Task instructions:
Reproduce exactly, leaving out pictures, each line from the one holding "Victoria's Secret Unlined Demi lot of 2" through the final line of the listing, and add nothing.

Data for this exercise:
────────────────────

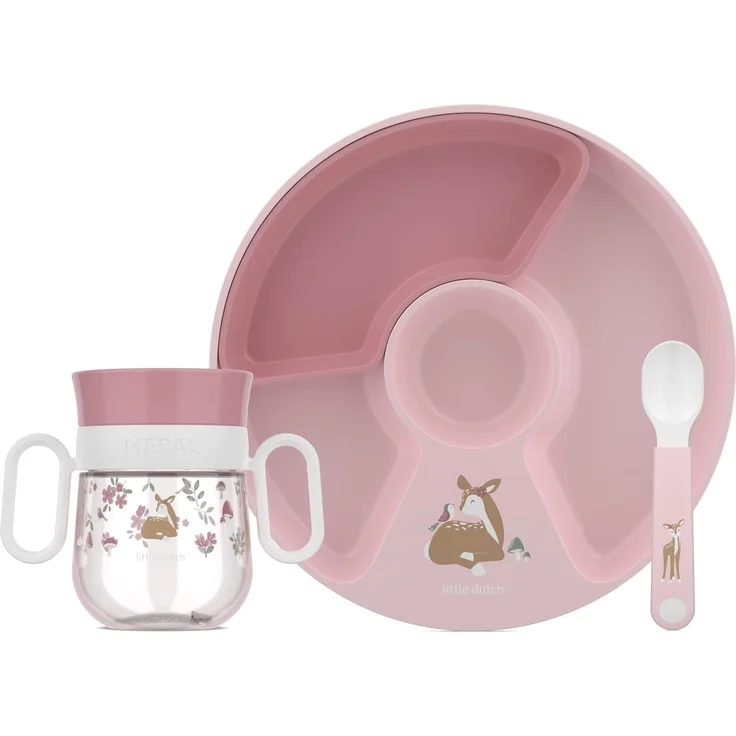 Mepal Fairy Garden Babygeschirr-Set Mio - 3-teilig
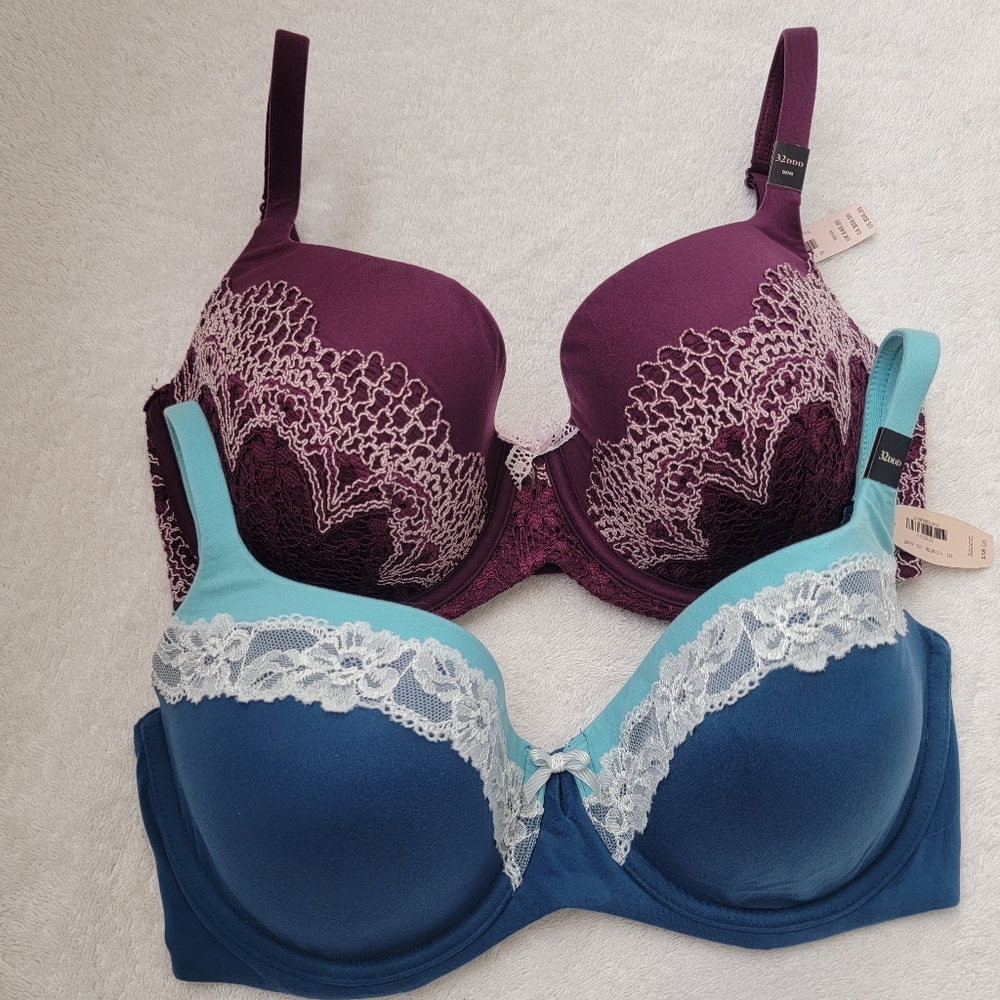 Victoria's Secret Unlined Demi lot of 2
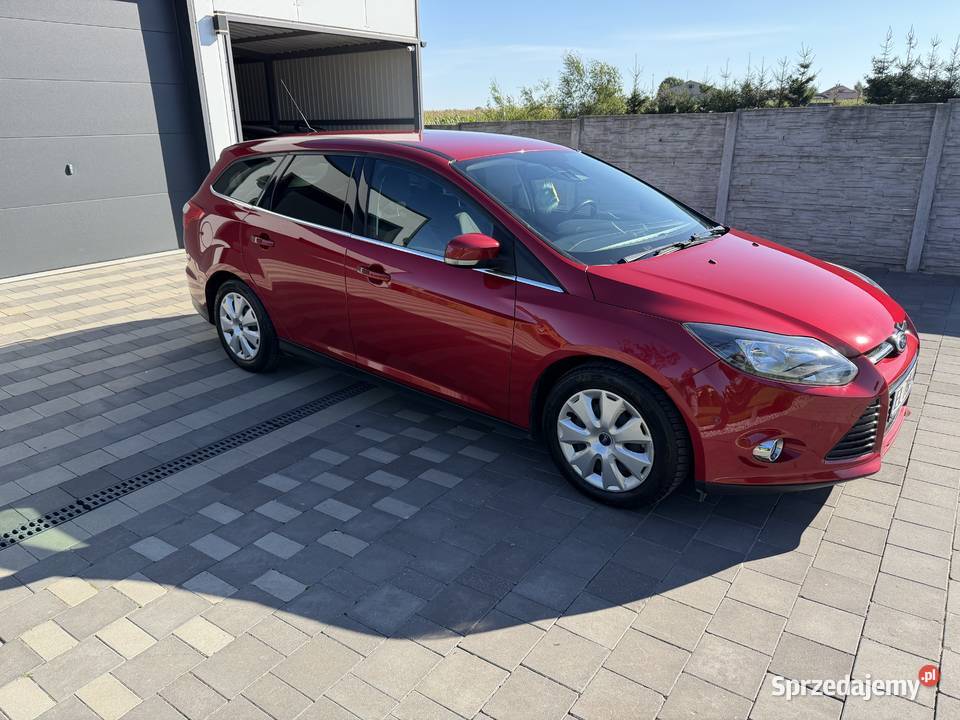 Ford Focus 16 Eco bogate wyposażenie Super stan Ozorków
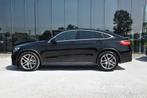 Mercedes-Benz GLC 63 AMG Coupe Sunroof Distronic 360 Towba, Gebruikt, Zwart, Leder, Bedrijf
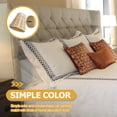 thumbnail image 2 of OUNONA Wall Lights for Bedroom Rattan Wall Sconce Simple Beauty 1Set, 2 of 6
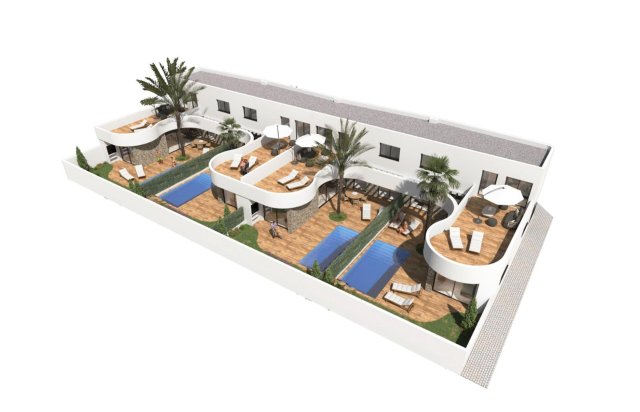 Rynek pierwotny - Villa - Almoradí - Las Heredades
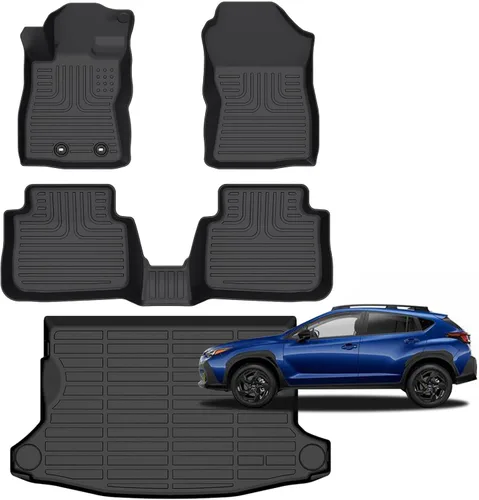 Vista 10 de Alfombrillas para Jeep Compass 2007-2016/2007-2016 Jeep Patriot/Dodge Caliber 2007-2012 para todo tipo de clima con forro de carga para automóvil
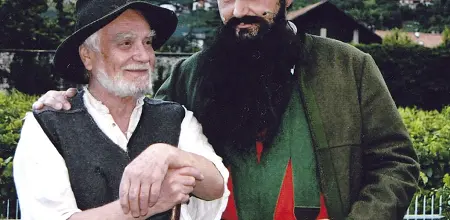 Theo Rufinatscha - eine Untermaiser Theaterlegende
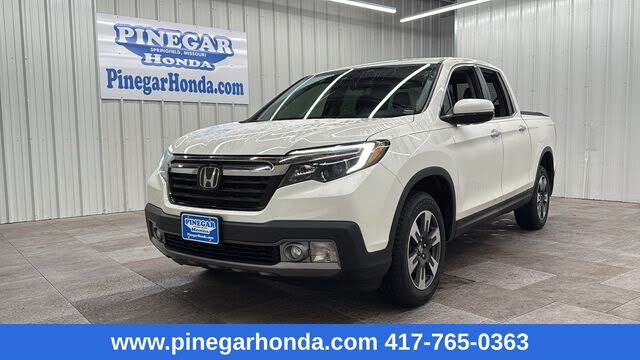 2019 Honda Ridgeline RTL-E AWD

────────────────────

Answer for the task:
 Victoria's Secret Unlined Demi lot of 2
 Ford Focus 16 Eco bogate wyposażenie Super stan Ozorków
 Mercedes-Benz GLC 63 AMG Coupe Sunroof Distronic 360 Towba, Gebruikt, Zwart, Leder, Bedrijf
 thumbnail image 2 of OUNONA Wall Lights for Bedroom Rattan Wall Sconce Simple Beauty 1Set, 2 of 6
 Rynek pierwotny - Villa - Almoradí - Las Heredades
 Vista 10 de Alfombrillas para Jeep Compass 2007-2016/2007-2016 Jeep Patriot/Dodge Caliber 2007-2012 para todo tipo de clima con forro de carga para automóvil
 Theo Rufinatscha - eine Untermaiser Theaterlegende
 2019 Honda Ridgeline RTL-E AWD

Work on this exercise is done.